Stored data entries
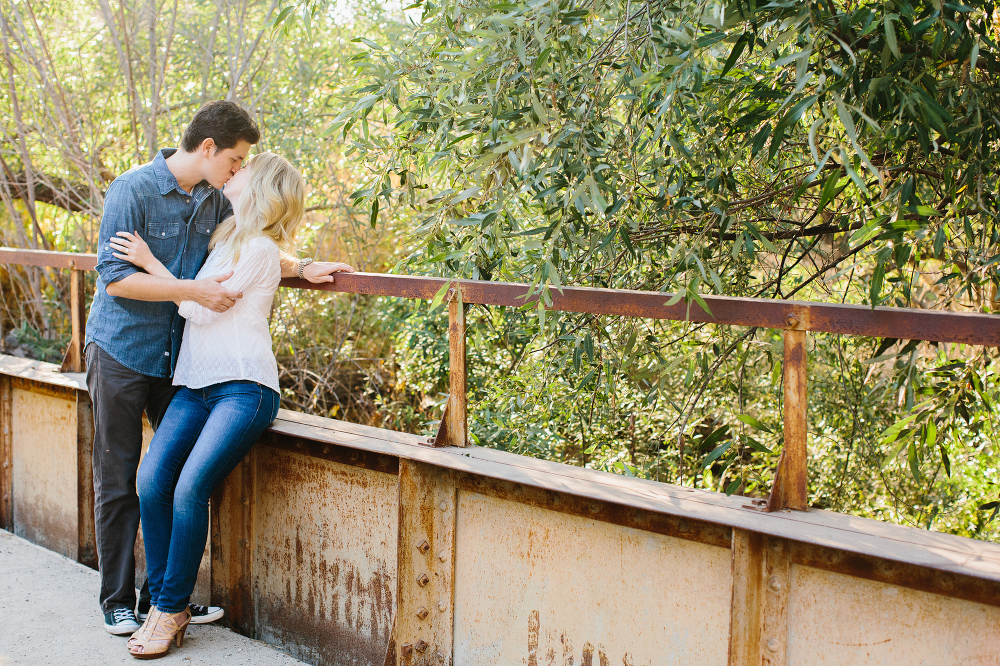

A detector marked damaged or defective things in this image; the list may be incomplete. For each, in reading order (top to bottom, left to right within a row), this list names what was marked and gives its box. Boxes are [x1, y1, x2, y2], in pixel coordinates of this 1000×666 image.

rusty metal bridge [1, 249, 1000, 664]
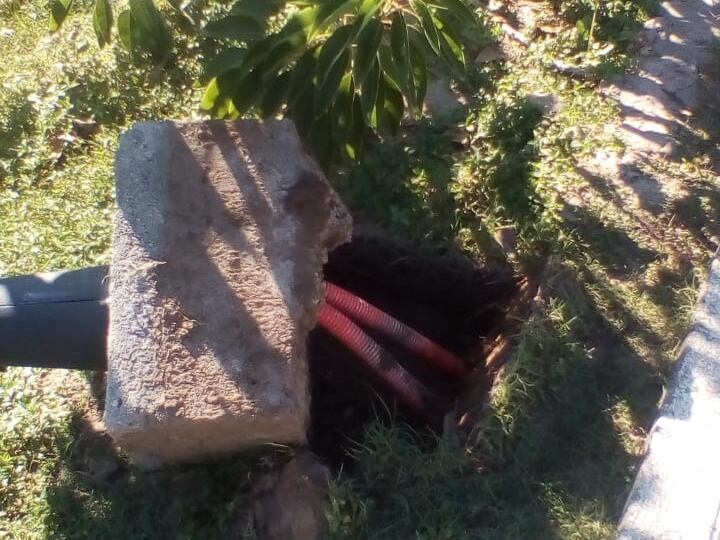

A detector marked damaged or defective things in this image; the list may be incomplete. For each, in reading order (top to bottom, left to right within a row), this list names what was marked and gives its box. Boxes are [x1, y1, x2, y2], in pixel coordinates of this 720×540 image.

broken concrete edge [106, 121, 352, 468]
broken concrete edge [616, 253, 720, 540]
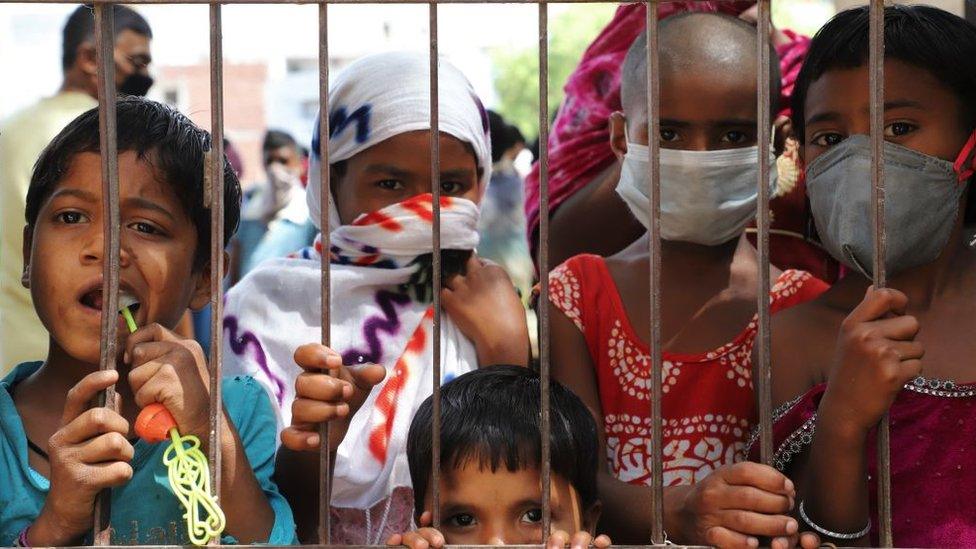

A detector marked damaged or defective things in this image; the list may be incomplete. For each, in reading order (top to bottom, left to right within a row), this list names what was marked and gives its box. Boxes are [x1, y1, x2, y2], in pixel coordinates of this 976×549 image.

rusty metal bar [92, 4, 119, 544]
rusty metal bar [207, 3, 226, 512]
rusty metal bar [320, 1, 336, 544]
rusty metal bar [536, 1, 552, 540]
rusty metal bar [640, 0, 664, 540]
rusty metal bar [752, 0, 772, 464]
rusty metal bar [868, 0, 892, 544]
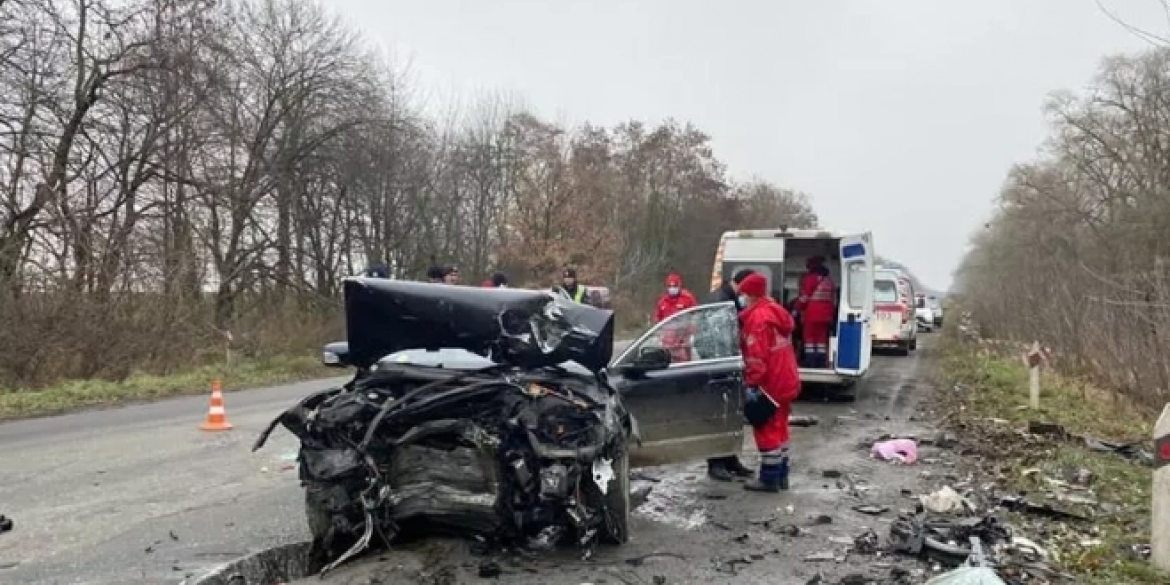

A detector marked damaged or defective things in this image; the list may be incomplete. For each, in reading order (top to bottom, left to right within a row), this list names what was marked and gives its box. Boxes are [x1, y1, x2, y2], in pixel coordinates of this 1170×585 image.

crumpled hood [342, 278, 616, 370]
severely damaged car [256, 278, 748, 572]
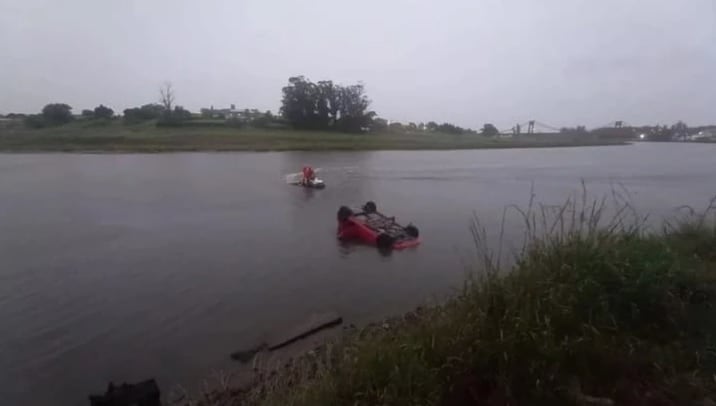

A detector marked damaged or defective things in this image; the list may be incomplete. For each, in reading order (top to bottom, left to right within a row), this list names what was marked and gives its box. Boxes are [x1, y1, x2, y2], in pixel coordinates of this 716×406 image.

overturned red car [336, 201, 420, 249]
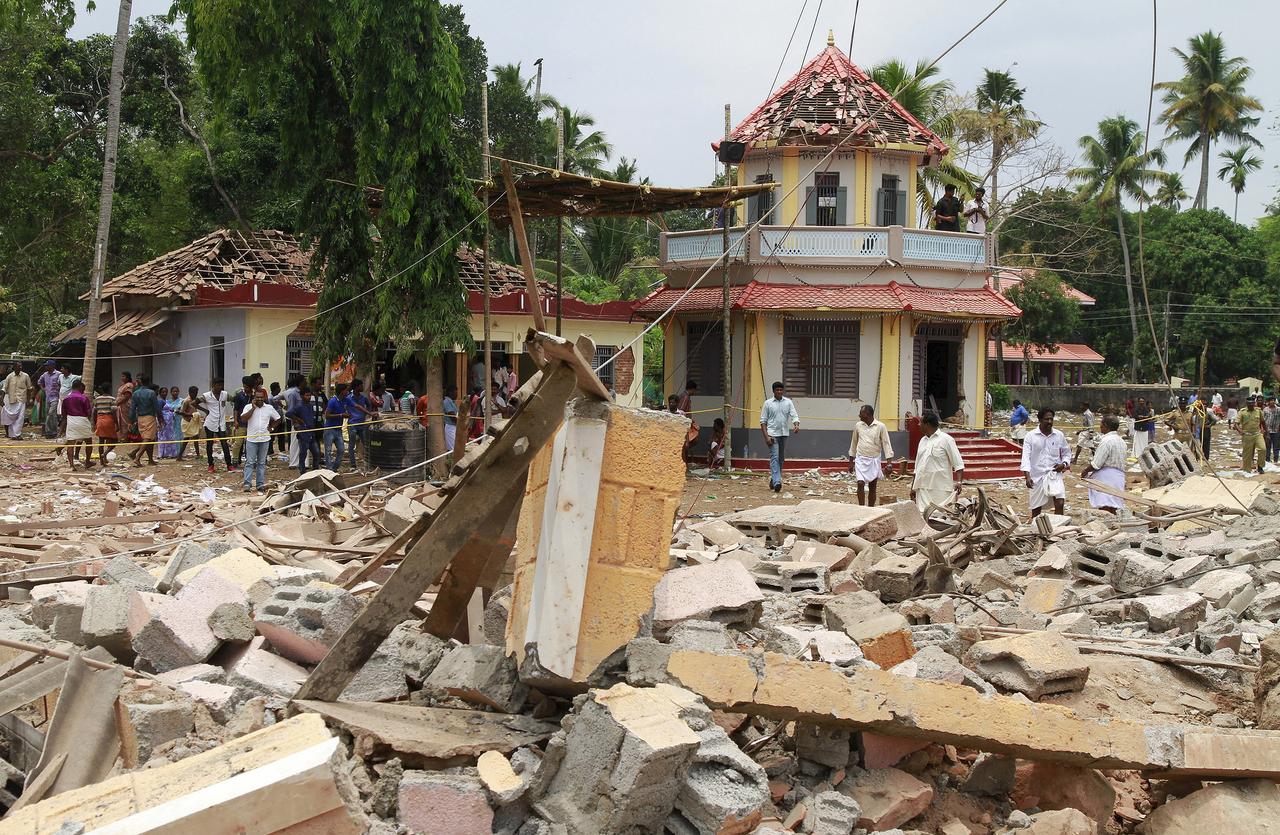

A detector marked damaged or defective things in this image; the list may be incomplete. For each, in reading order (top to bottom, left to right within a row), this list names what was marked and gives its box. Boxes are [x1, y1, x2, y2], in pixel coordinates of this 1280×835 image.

broken concrete slab [655, 560, 762, 632]
broken concrete slab [962, 632, 1090, 696]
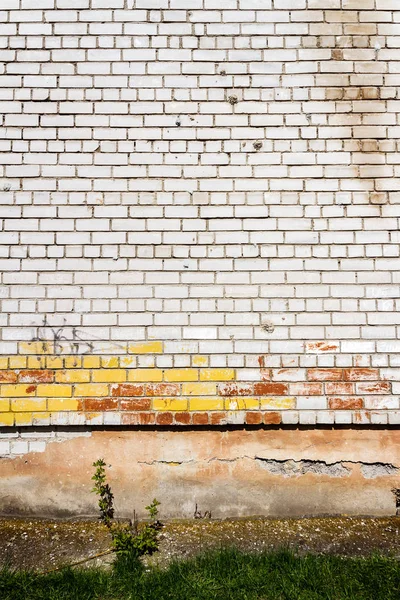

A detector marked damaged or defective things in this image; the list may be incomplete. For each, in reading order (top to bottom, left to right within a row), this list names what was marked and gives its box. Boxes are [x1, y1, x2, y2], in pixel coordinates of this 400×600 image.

cracked concrete foundation [0, 426, 398, 520]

**Your task**
Write out every line above again exactly, with the pictures left out.

**Written response**
A detector marked damaged or defective things in this image; the list may be incomplete. For each, in reading order (top to bottom, left to right within a row), this list names what was marked and gives its box. Boxes are [x1, y1, x2, y2], in pixel coordinates of this 1000×666 image.

rusty metal bridge [1, 249, 1000, 664]

A detector marked damaged or defective things in this image; the list may be incomplete. For each, in reading order (top to bottom, left to right within a row), this list names what was marked and gives its box. Boxes are [x1, y1, x2, y2], in pixel coordinates of this 720×540 image.

broken concrete edge [106, 121, 352, 468]
broken concrete edge [616, 253, 720, 540]

A detector marked damaged or defective things in this image; the list may be incomplete. For each, in reading order (top to bottom, left to right within a row), this list names what was marked and gives its box. Boxes are [x1, y1, x2, y2], in pixel coordinates of this 976×549 image.

rusty metal bar [92, 4, 119, 544]
rusty metal bar [207, 3, 226, 512]
rusty metal bar [320, 1, 336, 544]
rusty metal bar [536, 1, 552, 540]
rusty metal bar [640, 0, 664, 540]
rusty metal bar [752, 0, 772, 464]
rusty metal bar [868, 0, 892, 544]

A detector marked damaged or defective things in this image; the list may be incomplete. For each, in reading order (top to bottom, left to right within a row), this list names what was marked and gives its box. Boxes are [x1, y1, x2, y2], in pixel coordinates of this 1170×585 image.

crumpled hood [342, 278, 616, 370]
severely damaged car [256, 278, 748, 572]

A detector marked damaged or defective things in this image; the list may be incomplete. For each, in reading order (top to bottom, left to right within a row), this list names what was marked and gives its box. Boxes are [x1, y1, x2, y2], in pixel coordinates of this 716×406 image.

overturned red car [336, 201, 420, 249]

A detector marked damaged or defective things in this image; the list may be incomplete. For each, in reading order (top to bottom, left to right within a row), this list names what was marked and gives its box. Boxes are [x1, y1, x2, y2], in pixel coordinates of this 1280×835 image.

broken concrete slab [655, 560, 762, 632]
broken concrete slab [962, 632, 1090, 696]

A detector marked damaged or defective things in this image; the list may be incomplete. For each, in reading order (top to bottom, left to right within a row), this list names what was marked and gives its box. Boxes are [x1, y1, x2, y2], in pixel coordinates of this 400×600 image.

cracked concrete foundation [0, 426, 398, 520]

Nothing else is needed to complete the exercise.